Anyway here's the notes:
Celestia attacked but in pretty good shape for being attacked with Justice Hammer 1 (🍆)
Hifumi was kidnapped and attacked with 🍆🍆, survived
Celestia photographed Hifumi being kidnapped instead of helping him.
The enemy is... fucking Robo Justice. Kill me.
🍆 increasing in size numerically
No one comments on how fucking stupid or elaborate this is.
No one knows where Kyoko is, they don't know where Taka or Hiro are either but no one gives a fuck about them
Hifumi moved to nurse's office on first floor. No one checks his nonexistent wound.
Everyone has totally foolproof alibis, including Kyoko who was with Hina and Sakura before going MIA, so Hiro and Taka are suspected.
Byakuya is suspicious of Kyoko, since she's shady as fuck and, in his words, is keen to handle dead bodies. Something about a pot and a kettle...
Celestia whining about a shadow on the second floor. Has a ridiculous discussion with Hina about how to yell for help. I am irrationally angry at the conversation.

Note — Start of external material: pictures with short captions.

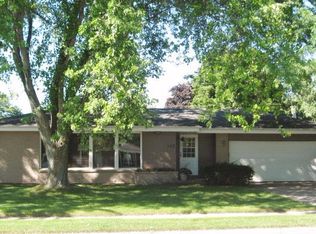 142 W Walters Dr, Grafton, WI 53024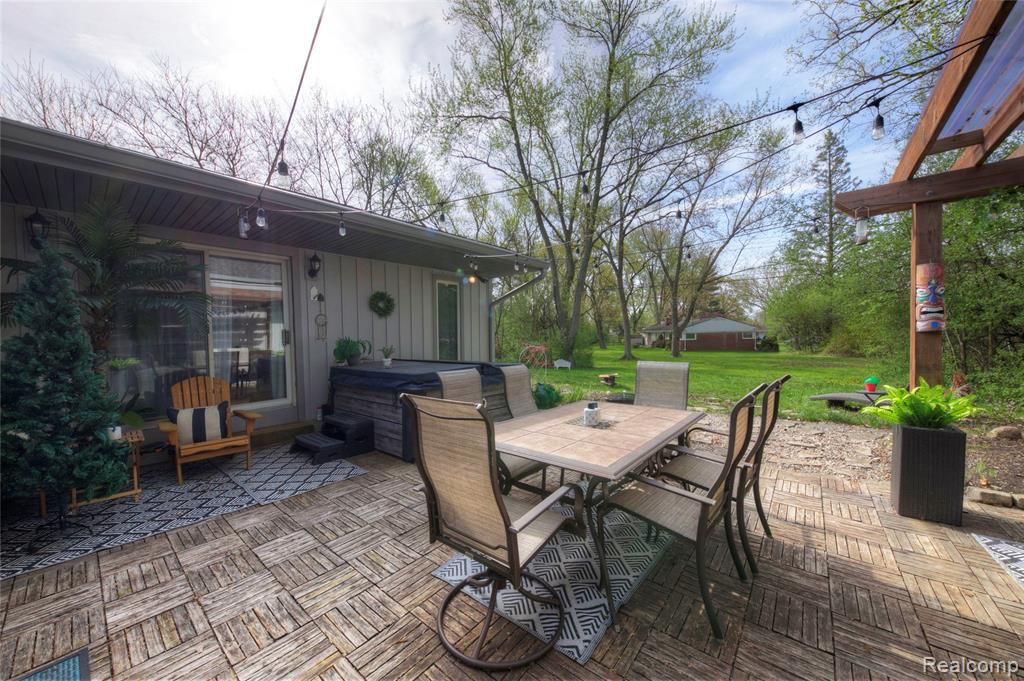 5367 Cambourne Place, West Bloomfield, MI — Photo 48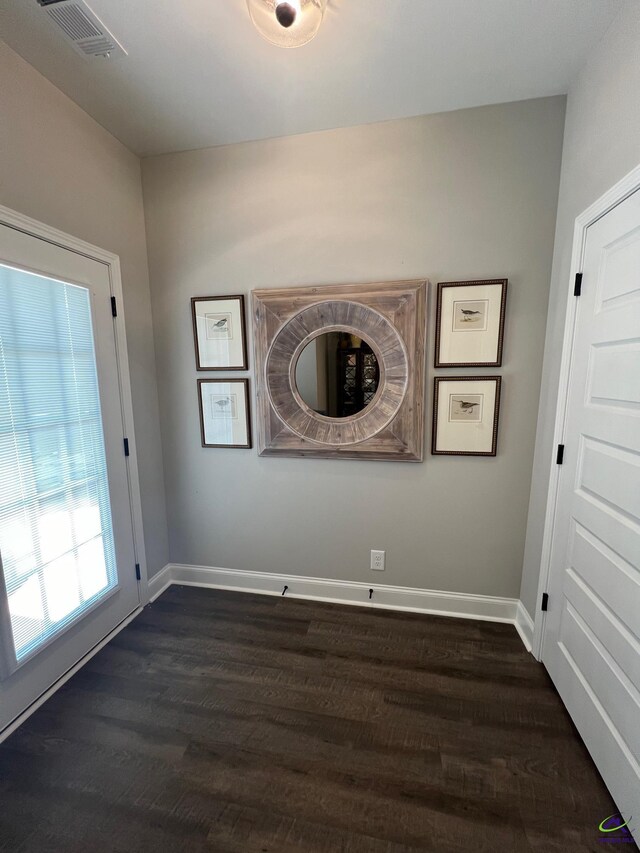 508 Nandina Ct, Warner Robins, GA 31088 - laundry room featuring dark wood finished floors and baseboards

Celestia screaming on second floor, everyone runs. Byakuya says her scream was weird. She allegedly saw Robo Justice run down the hall.
Absurdly weird scream. Oh yeah, they left Hifumi alone in the nurse's office. Left an injured person alone with his attempted murderer on the loose. :l
Makoto, Celestia, Hina run to the nurse's office. Hifumi body blood everywhere 🍆 ding dong bing bong investigation time.
No one checks his pulse.
Celestia points out 🍆🍆🍆 like that fucking hammer right next to his body wasn't obvious.
Celestia acts more upset than she had with the other trials. Keeps saying really obvious and fucking dumb shit why is everyone oblivious.
Hina panic attack time. Celestia kindly offers to stay with Hina and the body.
NO ONE CHECKS HIS PULSE.
Makoto learns how hallways work.
Physics lab is rad as fuck
Wait fuck this is when they find Taka. Not rad. Taka body in the back room of the physics lab. 🍆🍆🍆🍆
Byakuya and Sakura are chillin with his body. Toko is out cold on the floor.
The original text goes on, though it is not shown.